Each record that follows should be duplicated exactly, except for its pictures.
──────── Data to process
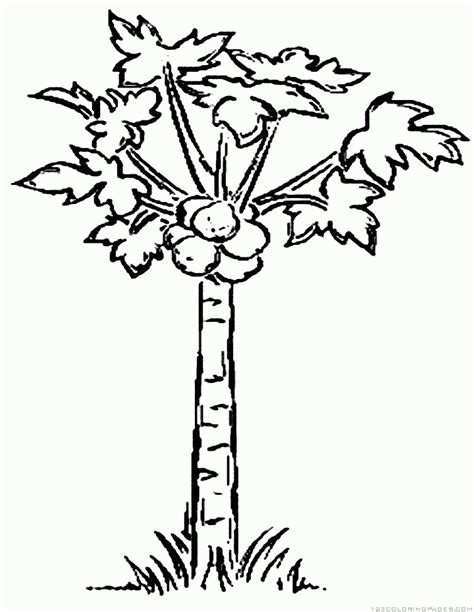 474x612 White Pine Tree Coloring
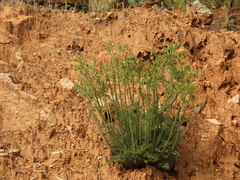 Lomatium macrocarpum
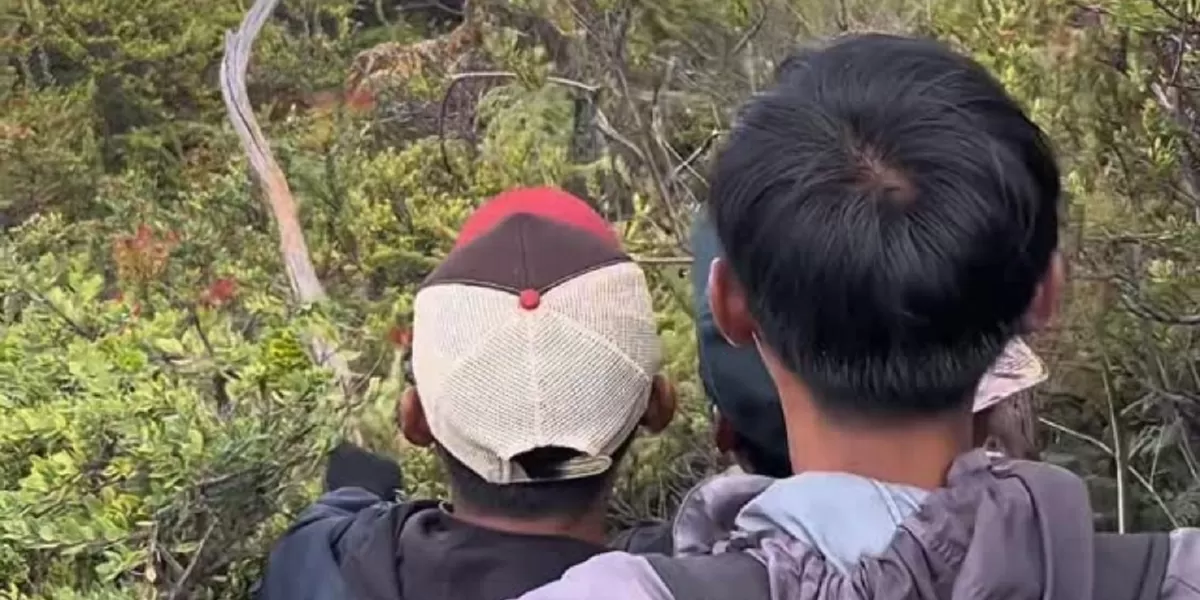 Menyoroti insiden pendaki Gunung Ijen, Banyuwangi yang sempat dilaporkan hilang kini ditemukan dalam kondisi selamat. (Instagram.com/@kawahijenbanyuwangi)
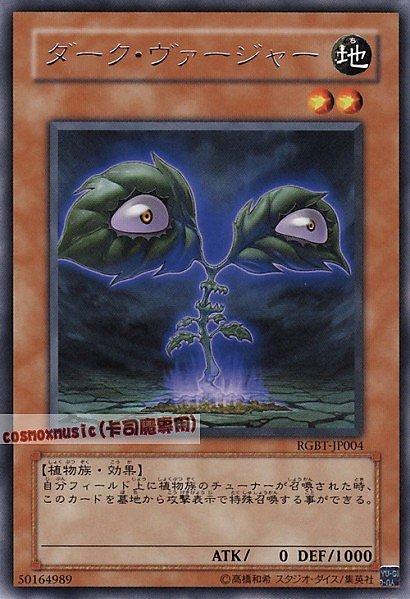 RGBT-JP004 黑暗葉綠體 日文銀字 604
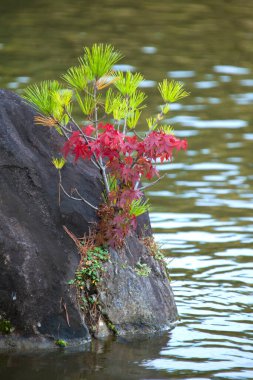 Su kenarında kayaların üzerinde yetişen güzel bitkiler.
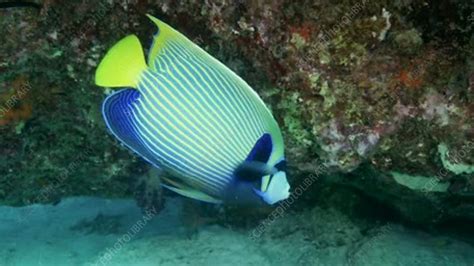 Emperor angelfish - Stock Video Clip - K004/9715 - Science Photo Library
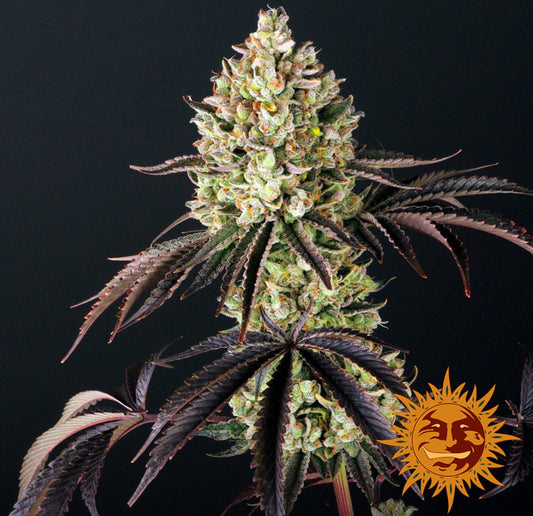 Barneys Farm Glookies Fem 3St.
────────────────
▸ **Result below**
 474x612 White Pine Tree Coloring
 Lomatium macrocarpum
 Menyoroti insiden pendaki Gunung Ijen, Banyuwangi yang sempat dilaporkan hilang kini ditemukan dalam kondisi selamat. (Instagram.com/@kawahijenbanyuwangi)
 RGBT-JP004 黑暗葉綠體 日文銀字 604
 Su kenarında kayaların üzerinde yetişen güzel bitkiler.
 Emperor angelfish - Stock Video Clip - K004/9715 - Science Photo Library
 Barneys Farm Glookies Fem 3St.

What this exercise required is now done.